Analysis of the expression profiles of miR-125b-2*, -27a*, -422a, -488 and -627, from stroke onset till recovery of two years showed that their highest expression occurred within the acute phase (one to seven days) of stroke in humans (Figure 4). To establish that their changes in expression were a consequence of the onset of stroke, an in vivo study using rat models was carried out. Rats subjected to Middle Cerebral Artery occlusion (MCAo) were sacrificed over a period of 0 h to 3 days. Changes in the miRNA expression in blood and brain were determined. In the brain samples, the highest expression for all the 5 miRNAs was observed within the acute phase (0 to 24 h). miR-125b-2* and miR-488 peaked at 6 h from the onset of stroke, to 1.56 ± 0.28 and 1.36 ± 0.24 fold, respectively in ischemic rat brain whereas miR-27a*, -422a and -627 peaked at 24 h from the onset of stroke, to 5.37 ± 0.46, 1.52 ± 0.28 and 8.53 ± 1.23 fold, respectively (Figure 4). The corresponding expression of these miRNAs was also at maximum levels in the rat blood, during the acute phase. miR-125b-2* blood profile showed similar expression to that of the ischemic brain, albeit with greater fold change differences. Incidentally, miR-125b-2* was shown to be conserved in the brain throughout the chimpanzee, macaque and human species, implicating its crucial functional roles in mammalian brain development [26]. In fact we also observed miR-125b-2* to have the strongest biomarker potential based on AUC values (Table 2). Except for miR-125b-2*, the remaining miRNAs exhibited an opposing profile in the brain and blood at their corresponding time points. Similar phenomenon was also observed in patients diagnosed with atherosclerotic abdominal aortic aneurysm [27]. Expression of miR-29b, -124a, -155 and -223, that were significantly increased in the atherosclerotic abdominal tissue was reduced in circulation. Similarly, miR-92a levels were found increased in acute myeloid and lymphoblastic leukemia cells, and decreased in circulation [28], suggesting complex regulatory processes occurring via the circulatory system.
Although the focus of the study was to identify specific miRNAs involved in acute stroke, we observed miR-920, a human specific miRNA, to be differentially expressed in “recovered” stroke patients.
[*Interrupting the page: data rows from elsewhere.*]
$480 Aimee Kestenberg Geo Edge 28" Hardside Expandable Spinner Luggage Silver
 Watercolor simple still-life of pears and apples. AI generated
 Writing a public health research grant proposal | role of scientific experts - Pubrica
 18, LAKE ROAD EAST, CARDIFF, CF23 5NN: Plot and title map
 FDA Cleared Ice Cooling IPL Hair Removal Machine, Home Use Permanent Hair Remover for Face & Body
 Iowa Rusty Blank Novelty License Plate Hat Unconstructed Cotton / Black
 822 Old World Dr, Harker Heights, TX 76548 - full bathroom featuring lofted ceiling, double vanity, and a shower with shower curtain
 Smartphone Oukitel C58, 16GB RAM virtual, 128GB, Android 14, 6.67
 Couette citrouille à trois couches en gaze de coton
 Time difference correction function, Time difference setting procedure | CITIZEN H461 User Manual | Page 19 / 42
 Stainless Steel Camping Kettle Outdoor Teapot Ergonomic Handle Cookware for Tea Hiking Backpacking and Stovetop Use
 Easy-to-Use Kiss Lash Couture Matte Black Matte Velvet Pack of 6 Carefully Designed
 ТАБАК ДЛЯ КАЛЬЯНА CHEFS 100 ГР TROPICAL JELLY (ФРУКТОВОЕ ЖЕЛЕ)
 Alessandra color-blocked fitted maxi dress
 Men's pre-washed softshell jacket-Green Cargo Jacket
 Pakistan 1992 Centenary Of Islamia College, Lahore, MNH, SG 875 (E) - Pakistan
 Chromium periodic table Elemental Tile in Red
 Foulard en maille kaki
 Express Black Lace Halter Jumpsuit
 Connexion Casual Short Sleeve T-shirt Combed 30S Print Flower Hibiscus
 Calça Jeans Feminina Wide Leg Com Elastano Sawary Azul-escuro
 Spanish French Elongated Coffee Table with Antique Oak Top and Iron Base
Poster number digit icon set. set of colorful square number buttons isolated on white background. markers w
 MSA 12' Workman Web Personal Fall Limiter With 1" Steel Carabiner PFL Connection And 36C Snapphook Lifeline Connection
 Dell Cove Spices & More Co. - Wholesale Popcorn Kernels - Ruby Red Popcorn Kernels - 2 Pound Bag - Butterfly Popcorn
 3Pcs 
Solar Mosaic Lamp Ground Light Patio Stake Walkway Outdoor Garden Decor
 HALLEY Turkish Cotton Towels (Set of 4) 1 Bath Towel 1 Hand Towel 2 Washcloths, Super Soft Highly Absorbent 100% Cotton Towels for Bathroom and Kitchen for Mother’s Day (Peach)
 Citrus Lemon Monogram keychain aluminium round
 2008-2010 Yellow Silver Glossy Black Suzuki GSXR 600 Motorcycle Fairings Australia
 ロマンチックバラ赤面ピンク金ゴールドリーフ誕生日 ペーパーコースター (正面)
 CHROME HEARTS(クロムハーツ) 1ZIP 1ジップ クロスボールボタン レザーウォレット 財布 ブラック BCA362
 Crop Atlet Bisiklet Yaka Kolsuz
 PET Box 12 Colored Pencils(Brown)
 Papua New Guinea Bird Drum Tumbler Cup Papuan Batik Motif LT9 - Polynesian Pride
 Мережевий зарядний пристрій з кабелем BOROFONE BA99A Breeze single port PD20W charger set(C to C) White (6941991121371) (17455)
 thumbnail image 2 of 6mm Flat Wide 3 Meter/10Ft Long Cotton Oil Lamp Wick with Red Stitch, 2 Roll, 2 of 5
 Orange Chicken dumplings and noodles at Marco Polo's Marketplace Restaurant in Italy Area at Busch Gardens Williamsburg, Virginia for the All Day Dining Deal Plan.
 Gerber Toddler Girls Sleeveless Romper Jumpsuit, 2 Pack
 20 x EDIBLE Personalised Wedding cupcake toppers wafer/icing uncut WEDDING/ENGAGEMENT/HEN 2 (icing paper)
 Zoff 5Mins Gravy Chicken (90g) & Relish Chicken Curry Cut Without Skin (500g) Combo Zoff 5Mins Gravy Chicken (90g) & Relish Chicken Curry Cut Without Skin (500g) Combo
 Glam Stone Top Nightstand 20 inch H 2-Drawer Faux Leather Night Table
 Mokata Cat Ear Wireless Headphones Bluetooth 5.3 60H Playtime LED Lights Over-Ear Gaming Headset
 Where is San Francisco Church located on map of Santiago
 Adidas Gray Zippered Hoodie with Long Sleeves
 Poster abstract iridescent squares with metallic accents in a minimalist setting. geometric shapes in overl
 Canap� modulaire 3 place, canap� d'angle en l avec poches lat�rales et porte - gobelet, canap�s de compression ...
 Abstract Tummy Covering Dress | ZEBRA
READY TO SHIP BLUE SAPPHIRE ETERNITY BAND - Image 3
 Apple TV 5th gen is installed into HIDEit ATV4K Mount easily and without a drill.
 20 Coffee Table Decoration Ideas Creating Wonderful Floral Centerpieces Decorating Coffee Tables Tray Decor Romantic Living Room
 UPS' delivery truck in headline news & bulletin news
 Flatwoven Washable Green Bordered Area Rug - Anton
Its expression remained higher than control from the onset of stroke until day 2 and then decreased to 0.26 ± 0.752 by day 7. However, a more significant increase in miR-920 expression was observed during the recovery phase and its expression remained elevated up to 2 years after onset of stroke (vs. controls; Supplementary Table S4). miR-920, a target of beta-transducin repeat-containing protein (β-TrCP) [29] was also predicted to regulate brain-specific angiogenesis inhibitor 1 (BAI1). Though miR-920 has not been found in normal developing human brain [17], it may function similarly to miR-126 in atherosclerosis [30]. Zernecke et al. [30] showed that miR-126 targeted vascular smooth muscle cells in atherosclerotic rat models. This miRNA was in fact released from endothelial cells and circulated via apoptotic bodies to mediate its athero-protective effects on the vascular smooth muscle cells, by reducing the plaque size. Hence the possibility of human specific miR-920 being regulated in a similar manner, to cause a beneficial effect in stroke recovery needs to be further explored.
Such studies highlight the importance of miRNAs in circulation and further affirm that miRNAs found in circulation are not entirely a consequence of necrotic or apoptoic cells spilling their contents.

3. Experimental Section

3.1. Patient Enrolment (Standard Protocol Approvals, Registrations, and Patient Consents)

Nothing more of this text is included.